WORK INSTRUCTION:
Here is a listing. Write it all out again exactly, but not its pictures.

SUPPLIED DATA:
+++

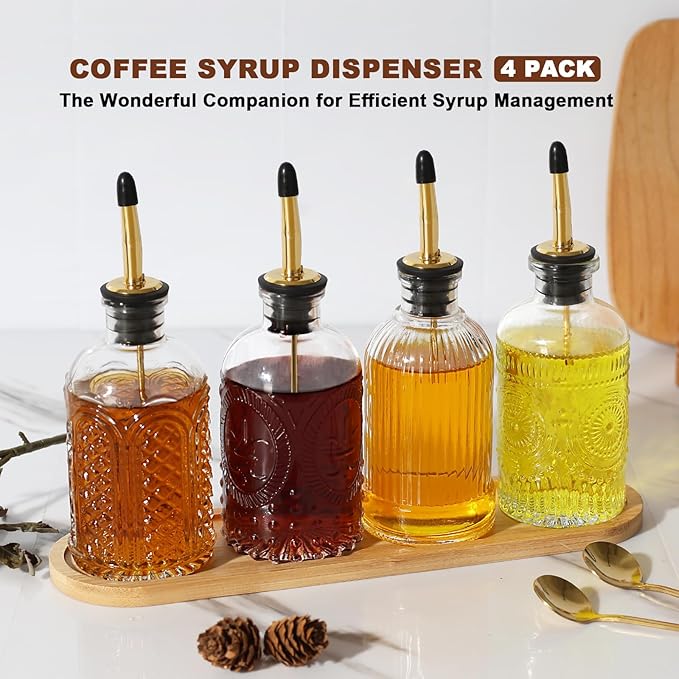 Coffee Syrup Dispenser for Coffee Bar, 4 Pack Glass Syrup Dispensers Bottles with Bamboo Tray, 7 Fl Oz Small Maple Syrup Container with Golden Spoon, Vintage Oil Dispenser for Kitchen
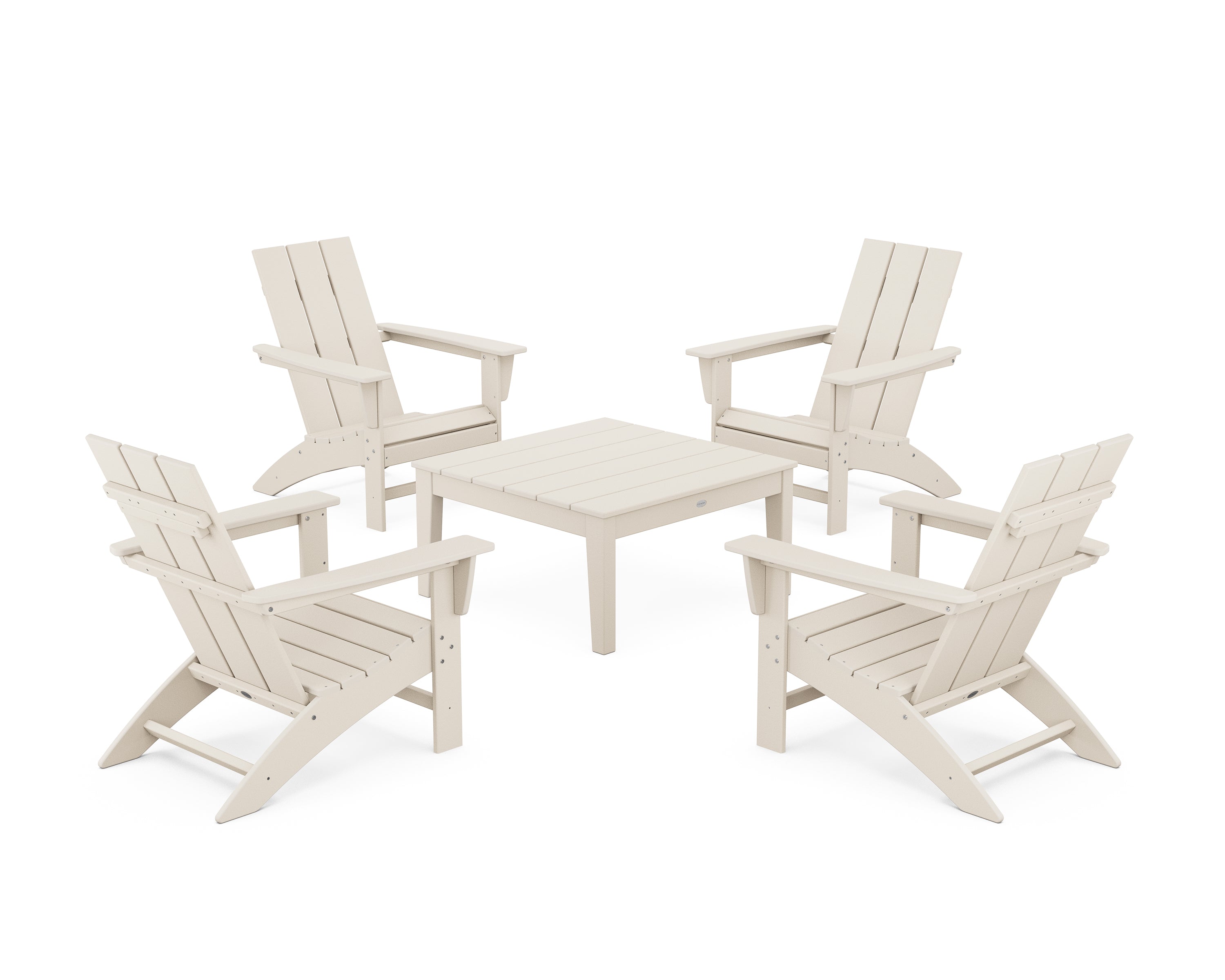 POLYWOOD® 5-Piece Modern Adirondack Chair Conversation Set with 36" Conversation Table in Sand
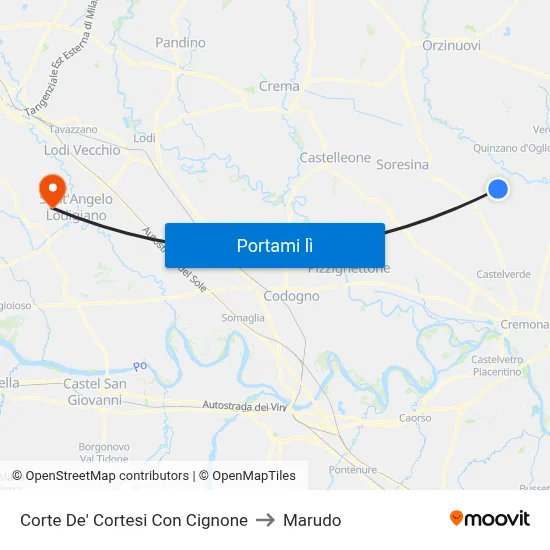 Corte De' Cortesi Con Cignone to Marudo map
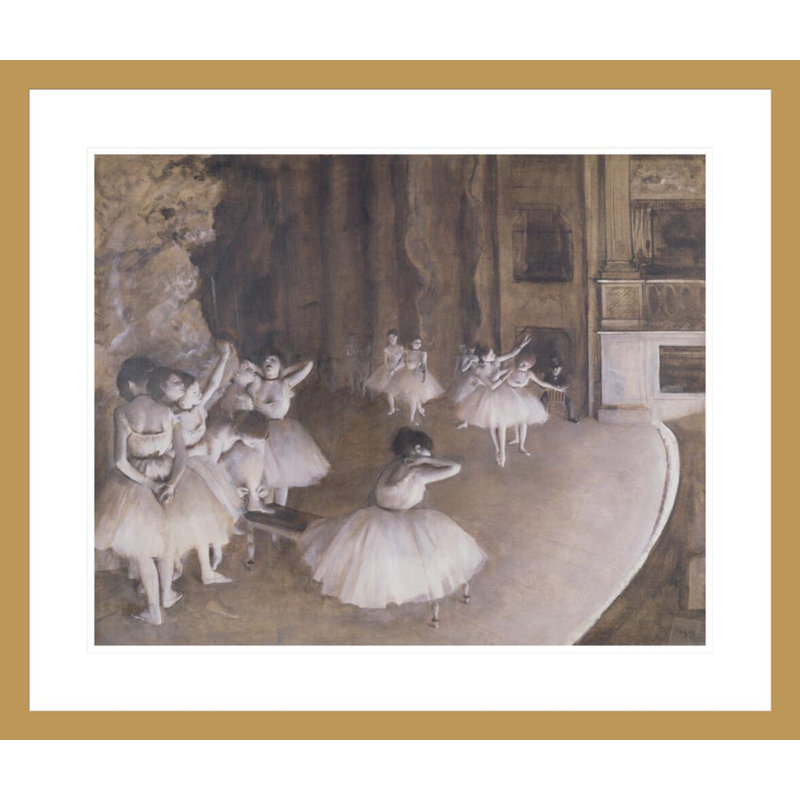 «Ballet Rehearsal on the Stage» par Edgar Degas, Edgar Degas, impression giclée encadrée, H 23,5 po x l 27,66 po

+++

COMPLETED TASK:
 Coffee Syrup Dispenser for Coffee Bar, 4 Pack Glass Syrup Dispensers Bottles with Bamboo Tray, 7 Fl Oz Small Maple Syrup Container with Golden Spoon, Vintage Oil Dispenser for Kitchen
 POLYWOOD® 5-Piece Modern Adirondack Chair Conversation Set with 36" Conversation Table in Sand
 Corte De' Cortesi Con Cignone to Marudo map
 «Ballet Rehearsal on the Stage» par Edgar Degas, Edgar Degas, impression giclée encadrée, H 23,5 po x l 27,66 po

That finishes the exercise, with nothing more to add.